Diffusion-Guided Feature Selection via Nishimori Temperature: Noise-Based Spectral Embedding

2026-04-27Machine Learning

Machine Learning
AI summary

The authors introduce Noise-Based Spectral Embedding (NBSE), a method to pick important features from large data without using slow step-by-step searches. NBSE makes a special graph connecting samples and finds a key temperature where a matrix changes behavior, helping identify crucial data patterns while avoiding bias towards popular data points. By looking at features in a new way, NBSE groups similar or redundant features and selects one from each group to simplify the data.

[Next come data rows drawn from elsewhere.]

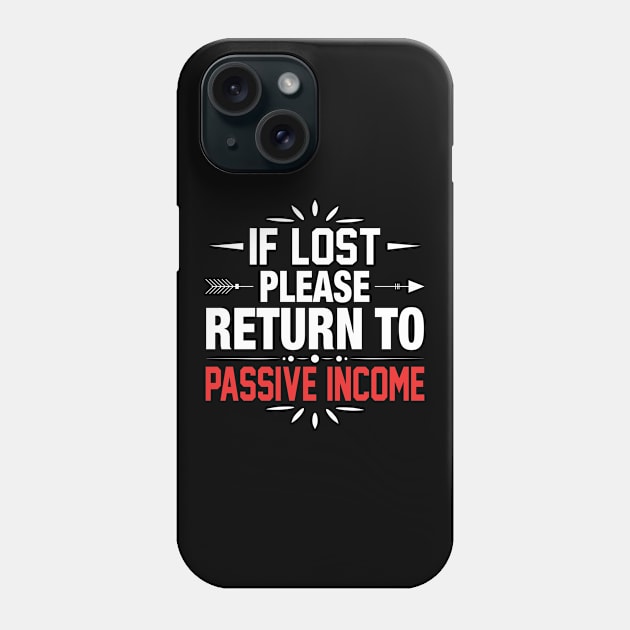 If lost - return to passive income! Phone Case by Cashflow-Fashion 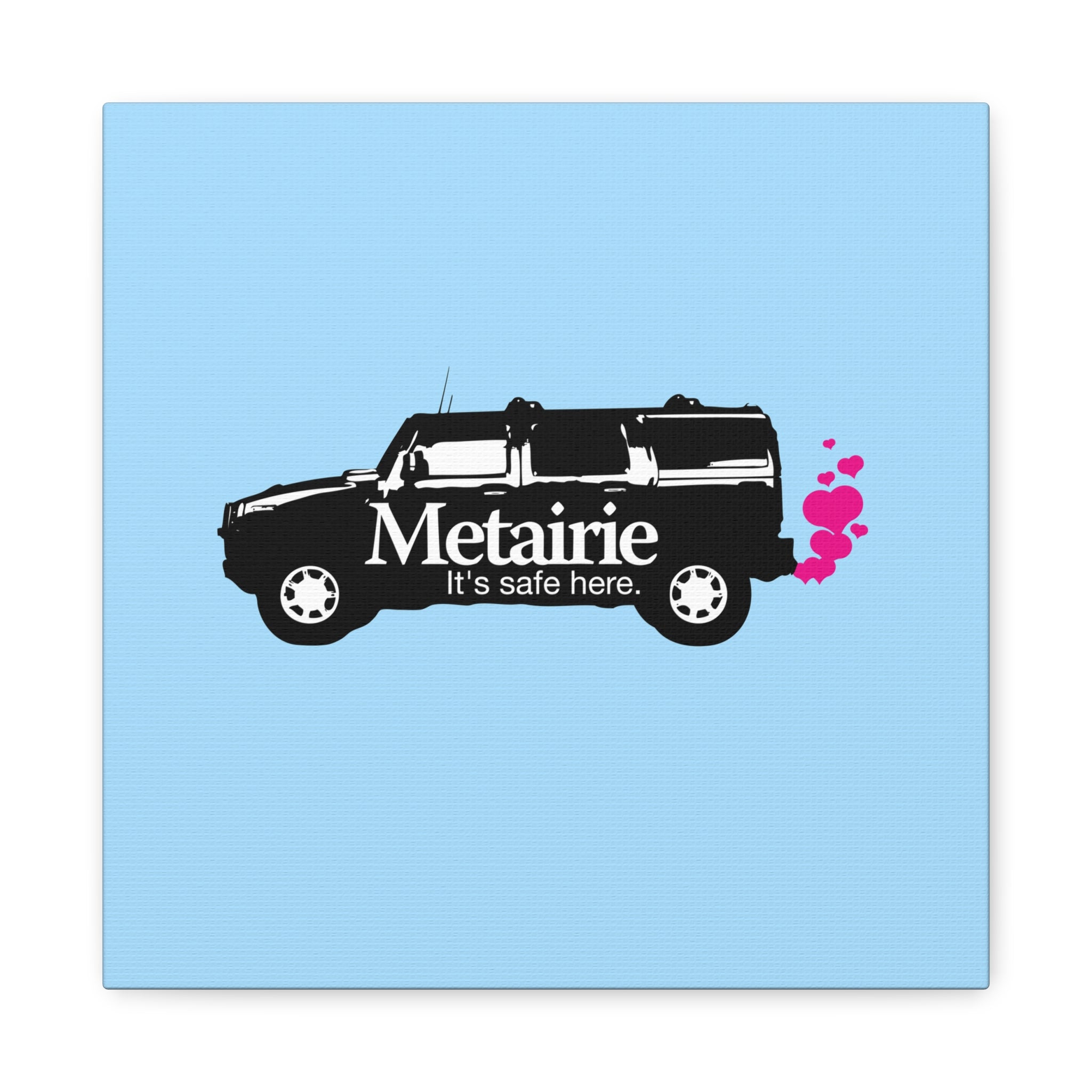 Metairie It's Safe Here
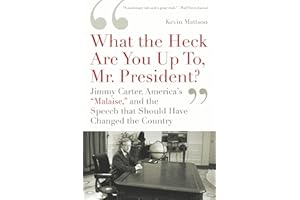 'What the Heck Are You Up To, Mr. President?': Jimmy Carter, America's 'Malaise,' and the Speech That Should Have Changed the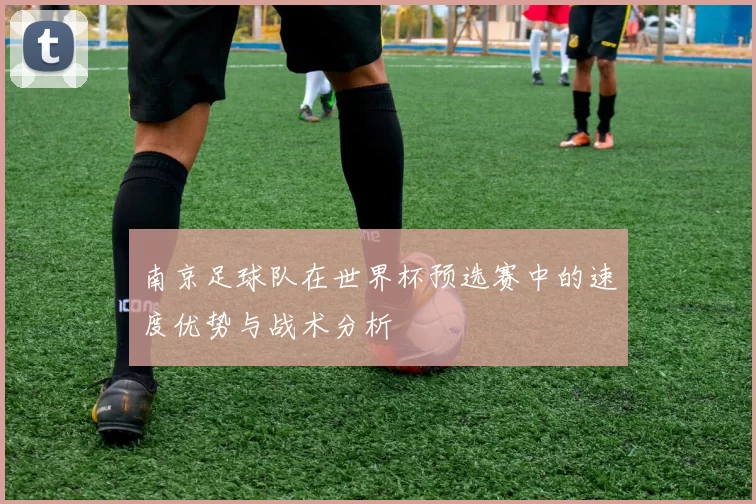 南京足球队在世界杯预选赛中的速度优势与战术分析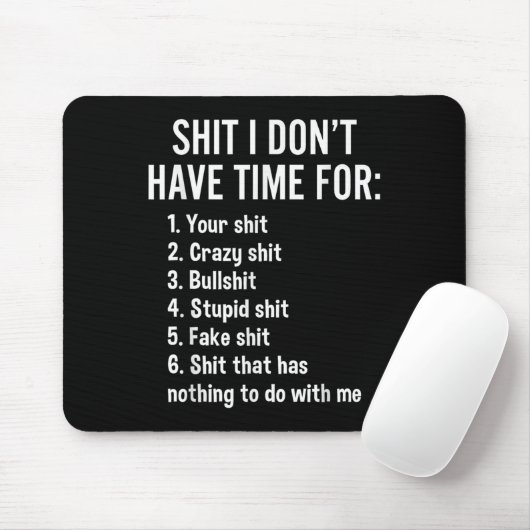 I Don't Have Time For - Funny Sarcastic Saying Nov Mousepad (Mit Mouse)
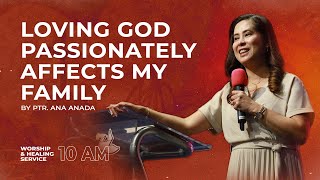 Loving God Passionately Affects My Family  Ptr Ana Anada [upl. by Derfla]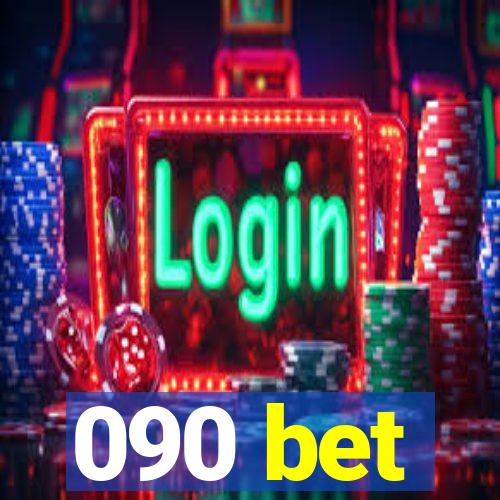 090 bet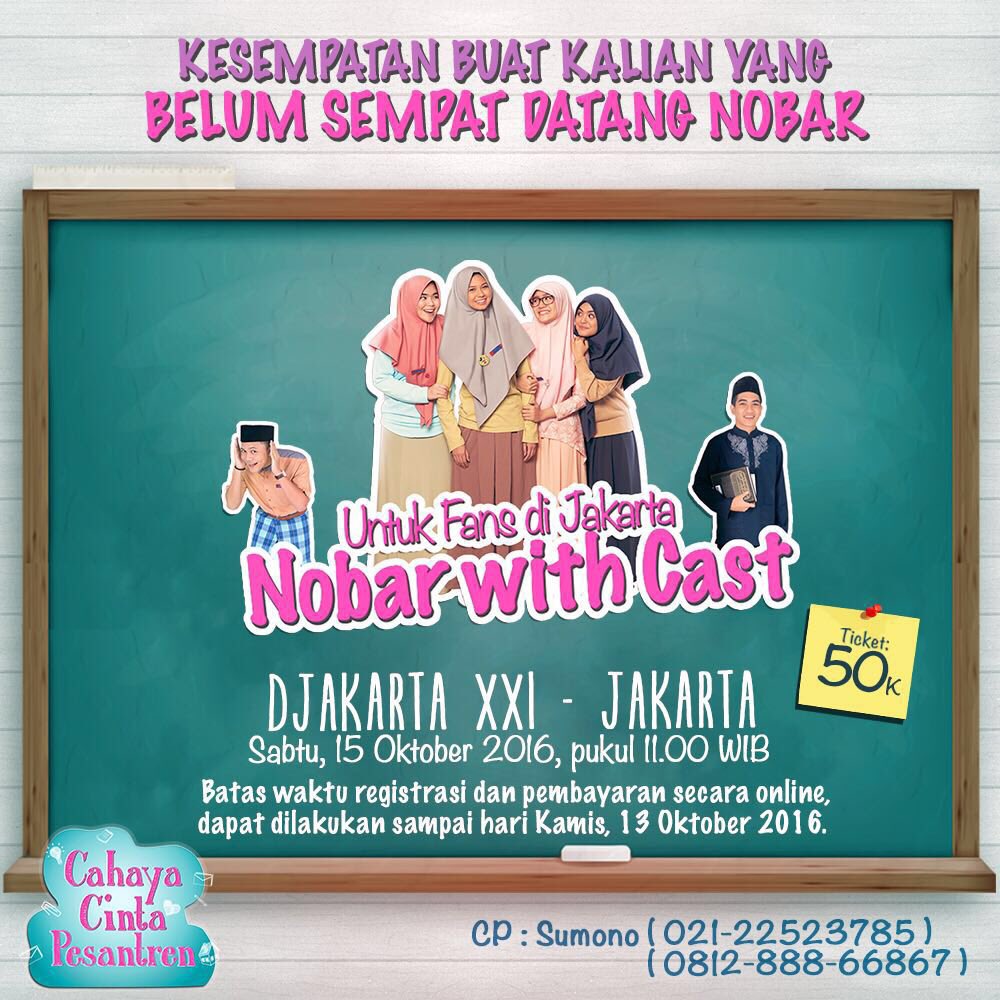Buat yang dijakarta, yuk ikutan Nobar Eksklusif Cahaya Cinta Pesantren! See you guys there! ❤️❤️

Their tests on image recognition models show NBSE keeps accuracy high even when using much fewer features, doing better than some traditional methods. The authors also show their method is stable against noise in the data.

Spectral embeddingFeature selectionBethe HessianNishimori temperatureSimilarity graphEigenvectorDegree correctionDiffusion processGaussian noiseImageNet embeddings
Authors
Vasiliy S. Usatyuk, Denis A. Sapozhnikov, Sergey I. Egorov
Abstract
We propose Noise-Based Spectral Embedding (NBSE), a physics-informed framework for selecting informative features from high-dimensional data without greedy search. NBSE constructs a sparse similarity graph on the samples and identifies the Nishimori temperature $β_N$ the critical inverse temperature at which the Bethe Hessian becomes singular. The corresponding smallest eigenvector captures the dominant mode of an intrinsically degree-corrected diffusion process, naturally reweighting nodes to prevent hub dominance. By transposing the data matrix and applying NBSE in feature space, we obtain a one-dimensional spectral embedding that reveals groups of redundant or semantically related dimensions; balanced binning then selects one representative per group. We prove that coloured Gaussian perturbations shift $β_N$ by at most $O(\barσ^2)$, guaranteeing robustness to measurement noise. Experiments on ImageNet embeddings from MobileNetV2 and EfficientNet-B4 show that NBSE preserves classification accuracy even under aggressive compression: on EfficientNet-B4 the accuracy drop is below $1\%$ when retaining only $30\%$ of features, outperforming ANOVA $F$-test and random selection by up to $6.8\%$.